Clothing has always been used to express ourselves and as a way to express our attitudes and behaviours.
On a lazy Sunday afternoon, people typically wear comfortable sweatpants and a loose t-shirt to lounge around the house instead of dressing up as they would at their office to look the way they feel.
Clothing gives you a chance on how to present yourself to other people.
Some clothes never go out of style, like a pencil skirt, jeans, a nice sweater, animal print, etc.
Some old trends even tend to come back in style after spending years away, like loose ponytails, knee-high boots and fringed clothing.
While some trends make it full circle and become popular again, others fade into obscurity as a relic of their time. I can't see Hammer Pants from the '90s or 70's bell bottoms coming back anytime soon.
Some trends stay the test of time, but one trend that's pushing forward is the current trend of more gender-neutral clothing.
In 2021, clothes can stand for individual gender expression, or the lack of it, with more examples of individuals using clothing as a way to break down barriers to show off what they're most comfortable displaying to the world. For example, Harry Styles unapologetically wears dresses and other flamboyant clothing because he likes them. Rapper Kid Cudi also proudly wore a dress during a performance on SNL.
Women also don't need to be confined within the norms of dresses or skirts.
Depending on the clothing brand, gender-neutral clothing can have more neutral colours and shirts and pants can have a baggier fit.
Clothing through history was meant to signify personal reflection. In the 17th and 18th centuries of European fashion, men wore more flamboyant clothing to reflect their wealth, as it showcased how much money they had. It was campy and grandiose, but it was normalized as a typical fashion for men.
When women began dominating the office in the 1960s, the rise in pantsuits were worn to reflect their new position in what was then considered a mostly male-dominated workspace.

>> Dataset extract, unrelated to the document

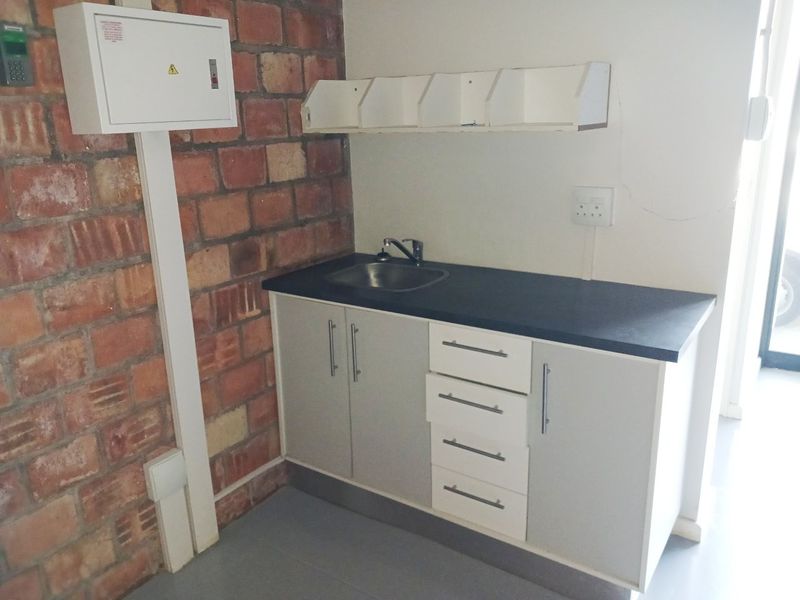 A functional utility kitchenette area featuring built-in cabinetry, a sink, and an exposed brick feature wall within an office environment.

When it comes to personal fashion, people like to mix and match clothing styles to find their amount of comfortability, regardless of being male or female.
It wasn't until the 1940s where clothing was getting marketed more gender-specifically, with blue being associated with boys and pink being associated with girls. Pants were considered practical for males, and dresses were meant for girls.
Clothing has always been a way to break down barriers, regardless of gender. Women’s rights activist Elizabeth Smith Fuller wore pants in order to fight for women’s dress reform, for example.
We have seen many trends that come and go throughout the years, but bending the rules has never gone away.
Clothing has always been a means of self-expression, showing who you are, whether it's to be comfortable or to express your true style, regardless of colour or make. Fashion and - the people wearing them - are constantly changing.